A typical fossil stone quarry has several layers of calcium carbonate shale. All layers yield usable stone, but each one produces a different shade and texture. Most samples range from beige to brown, but occasionally there are interesting colors such as black and bluish-gray. These are usually more expensive.
Fossil stone can be used for all sorts of home furnishings, from wall decors to island bars. As a countertop material, they work with any base material, including stone, metal, and wood.
A dramatic touch
Fish patterns aren't entirely new, but a genuine, 50-million-year-old fossil fish on your bar top easily makes it the focal point of your kitchen. It's just like having a piece of timeless art in your kitchen. Because the colors are neutral, they are sure to fit into any kitchen décor. It blends right in with a warm country kitchen and makes an interesting contrast against a sleek, contemporary one.
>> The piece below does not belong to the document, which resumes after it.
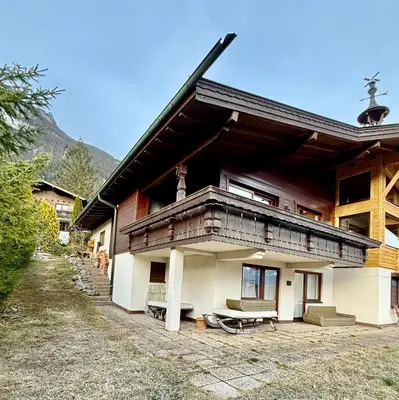 Ein allgemeiner Bergblick oder ein Berglick von des Ferienhauses aus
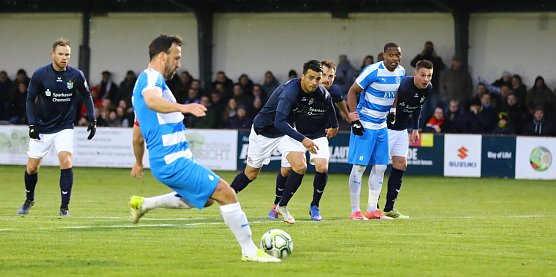 Becker verschie&szlig;t den Elfer (Foto: Bernd Peter)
The matte finish and subtle tones also make it very earthy, natural, and dramatic.
One of a kind
Each fossil countertop is selected from high-quality stone slabs, individually cut and hand-finished, and coated with a penetrative sealer. Designs are not limited to fish fossils – you can choose from all sorts of marine life, such as turtles, shells, ammonites, and starfish. No two samples are identical, so you can be sure your fossil countertop is unlike any other countertop in the world.
Fossil countertops may come in a solid slab similar to granite and marble countertops, or as individual tiles. A countertop slab is a great choice for heavy kitchen work and large, minimalist kitchens. You can choose from random patterns, or a plain surface with just a few fossils accenting the side.
If you're redoing your countertop surface, fossil tiles are a great choice. Each tile may have a random pattern of its own, or just a single fossil embedded at the center. Again, you can tile your entire counter with fossils, or accent a plain one with a few fossil tiles.
To add to the theme, try hanging fossil tiles from your wall or using them as splash guards. You can also use them on murals, tables, and other pieces of furniture. If you can afford it, get a smaller slab, place it on a corner, and use it as a coffee table.
Fossil countertops are designed for the upscale market. A 6x6-inch fossil tile can cost up to $180, and a square foot can go for $300 to $500. In comparison, high-end granite is worth about $250 per square foot, while laminates cost as little as $100.
They can also be expensive to maintain and repair. Liquid stains can quickly seep through the finish and damage the stone, and scratches can be hard to cover up. They also burn more easily than granite and marble, although they are more resilient than laminates. Even with a high-quality protective finish, the countertop must be cleaned regularly and protected from heat. Reapplying the matte finish regularly can help preserve the texture, although this can be expensive.